Where a line contains "Hefty Kitchen Trash", start there and write out that line and each one after it, word for word, through the final line of the entries; add nothing else.

[Records contained in a dataset]

# # # # #

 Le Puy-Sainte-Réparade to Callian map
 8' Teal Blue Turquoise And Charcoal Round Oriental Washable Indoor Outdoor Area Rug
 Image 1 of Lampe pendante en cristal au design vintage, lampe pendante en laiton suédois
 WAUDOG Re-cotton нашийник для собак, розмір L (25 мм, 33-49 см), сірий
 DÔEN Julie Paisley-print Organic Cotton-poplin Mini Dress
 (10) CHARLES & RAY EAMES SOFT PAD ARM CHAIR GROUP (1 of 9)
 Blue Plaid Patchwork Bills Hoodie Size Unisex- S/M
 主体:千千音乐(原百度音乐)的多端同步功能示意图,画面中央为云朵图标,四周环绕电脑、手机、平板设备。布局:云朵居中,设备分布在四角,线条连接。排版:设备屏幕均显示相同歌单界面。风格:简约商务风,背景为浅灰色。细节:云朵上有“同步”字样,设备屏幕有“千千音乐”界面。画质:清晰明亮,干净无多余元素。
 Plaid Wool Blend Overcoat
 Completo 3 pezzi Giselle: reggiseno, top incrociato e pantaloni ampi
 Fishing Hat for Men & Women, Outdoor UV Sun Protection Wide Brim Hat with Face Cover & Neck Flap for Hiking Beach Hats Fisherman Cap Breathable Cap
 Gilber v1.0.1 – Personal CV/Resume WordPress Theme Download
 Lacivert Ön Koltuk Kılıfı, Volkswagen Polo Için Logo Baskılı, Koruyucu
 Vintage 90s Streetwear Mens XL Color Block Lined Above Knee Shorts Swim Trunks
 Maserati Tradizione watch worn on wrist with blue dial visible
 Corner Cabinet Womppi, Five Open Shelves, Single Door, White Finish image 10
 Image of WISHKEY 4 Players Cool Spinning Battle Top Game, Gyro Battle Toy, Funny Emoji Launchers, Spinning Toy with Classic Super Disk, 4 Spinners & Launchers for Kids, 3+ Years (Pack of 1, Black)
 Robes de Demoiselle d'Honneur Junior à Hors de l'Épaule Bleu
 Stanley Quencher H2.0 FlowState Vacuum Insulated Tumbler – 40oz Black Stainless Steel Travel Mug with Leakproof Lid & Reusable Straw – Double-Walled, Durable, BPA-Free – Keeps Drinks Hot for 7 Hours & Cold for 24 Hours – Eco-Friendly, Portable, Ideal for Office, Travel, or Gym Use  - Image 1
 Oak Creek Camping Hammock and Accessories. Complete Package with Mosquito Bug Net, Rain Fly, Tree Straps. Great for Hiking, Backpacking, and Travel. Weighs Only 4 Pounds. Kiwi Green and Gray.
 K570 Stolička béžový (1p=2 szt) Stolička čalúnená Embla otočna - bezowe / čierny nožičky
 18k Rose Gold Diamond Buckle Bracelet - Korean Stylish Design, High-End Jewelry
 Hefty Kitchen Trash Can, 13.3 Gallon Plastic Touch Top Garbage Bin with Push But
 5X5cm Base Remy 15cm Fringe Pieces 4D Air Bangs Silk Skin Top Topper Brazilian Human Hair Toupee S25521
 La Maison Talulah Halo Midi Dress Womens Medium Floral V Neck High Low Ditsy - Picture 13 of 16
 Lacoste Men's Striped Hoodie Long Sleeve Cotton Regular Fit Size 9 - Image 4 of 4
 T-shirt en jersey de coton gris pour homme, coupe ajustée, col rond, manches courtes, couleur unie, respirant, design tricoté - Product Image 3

# # # # #

Task output:
 Hefty Kitchen Trash Can, 13.3 Gallon Plastic Touch Top Garbage Bin with Push But
 5X5cm Base Remy 15cm Fringe Pieces 4D Air Bangs Silk Skin Top Topper Brazilian Human Hair Toupee S25521
 La Maison Talulah Halo Midi Dress Womens Medium Floral V Neck High Low Ditsy - Picture 13 of 16
 Lacoste Men's Striped Hoodie Long Sleeve Cotton Regular Fit Size 9 - Image 4 of 4
 T-shirt en jersey de coton gris pour homme, coupe ajustée, col rond, manches courtes, couleur unie, respirant, design tricoté - Product Image 3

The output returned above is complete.